Consider the function f(x)x^4 -32x^2 +2, -3 < or = to x < or = to 9. This function has an absolute minimum value equal to ? and an absolute maximum value equal to ?
do the first derivative, set equal to zero.
Then at each zero, test the second derivative.
Post back if you are lost.
As in the previous problem (quadratic), you will need to first find f'(x).
Equate f'(x) to zero and solve for the roots. Even f'(x)=0 is a cubic equation, you can easily solve for the three roots by factorization.
Two of the three roots fall within the given interval, so there is one maximum and one minimum, which you can check by evaluating f"(x). F"(x)>0 is a minimum and f"(x)<0 is a maximum.
Evaluate f(x) at the two limits of the interval, as well as at the roots of f'(x)=0. These four values will give the absolute maximum and absolute minimum within the interval.
Post your answers for checking if you wish.
To find the absolute minimum and maximum values of the function f(x) = x^4 - 32x^2 + 2 over the given interval [-3, 9], we can follow these steps:
1. First, calculate the derivative of the function f(x) with respect to x. Let's call this derivative function f'(x).
f'(x) = 4x^3 - 64x
2. Now find the critical points of the function, which occur where the derivative is either zero or undefined. To do this, we set f'(x) = 0 and solve for x:
4x^3 - 64x = 0
Factor out 4x: 4x(x^2 - 16) = 0
Set each factor equal to zero: 4x = 0 or x^2 - 16 = 0
Solving these equations, we find x = 0, x = 4, and x = -4.
3. Next, we find the endpoints of the interval [-3, 9], which are -3 and 9. These are also critical points since they are the boundaries of our interval.
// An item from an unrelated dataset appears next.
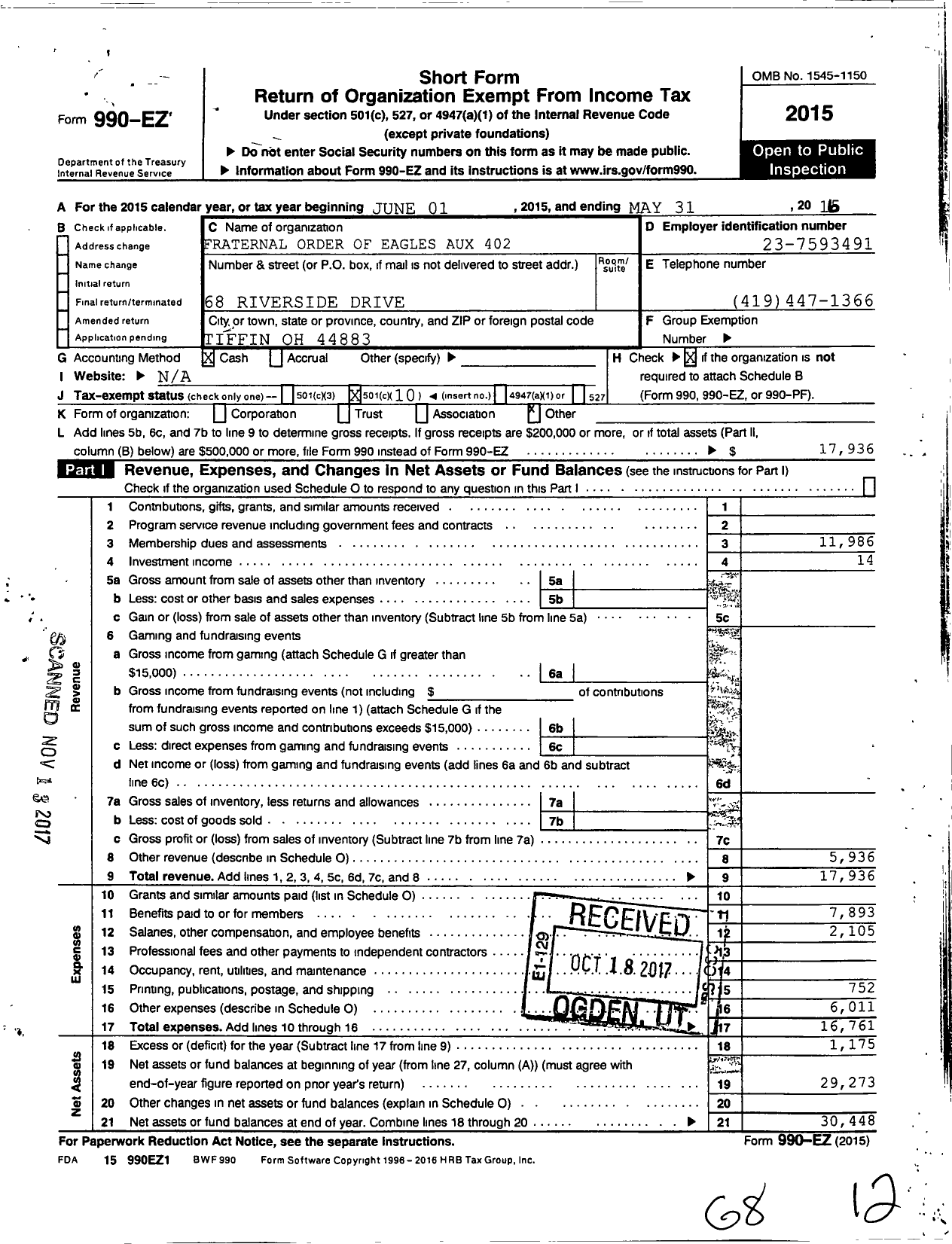 Image of first page of 2015 Form 990EO for Fraternal Order of Eagles - 402 Aux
4. Now we evaluate the function f(x) at each of the critical points and endpoints to determine the function values at those points. Plug the values of x into the equation:
f(-3) = (-3)^4 - 32(-3)^2 + 2
= 81 - 288 + 2
= -205
f(0) = (0)^4 - 32(0)^2 + 2
= 0 - 0 + 2
= 2
f(4) = (4)^4 - 32(4)^2 + 2
= 256 - 512 + 2
= -254
f(9) = (9)^4 - 32(9)^2 + 2
= 6561 - 2592 + 2
= 3961
5. Finally, compare the function values obtained in step 4 to find the absolute minimum and maximum values in the given interval:
Absolute minimum: -254
Absolute maximum: 3961
Therefore, the absolute minimum value of the function f(x) is -254, and the absolute maximum value is 3961.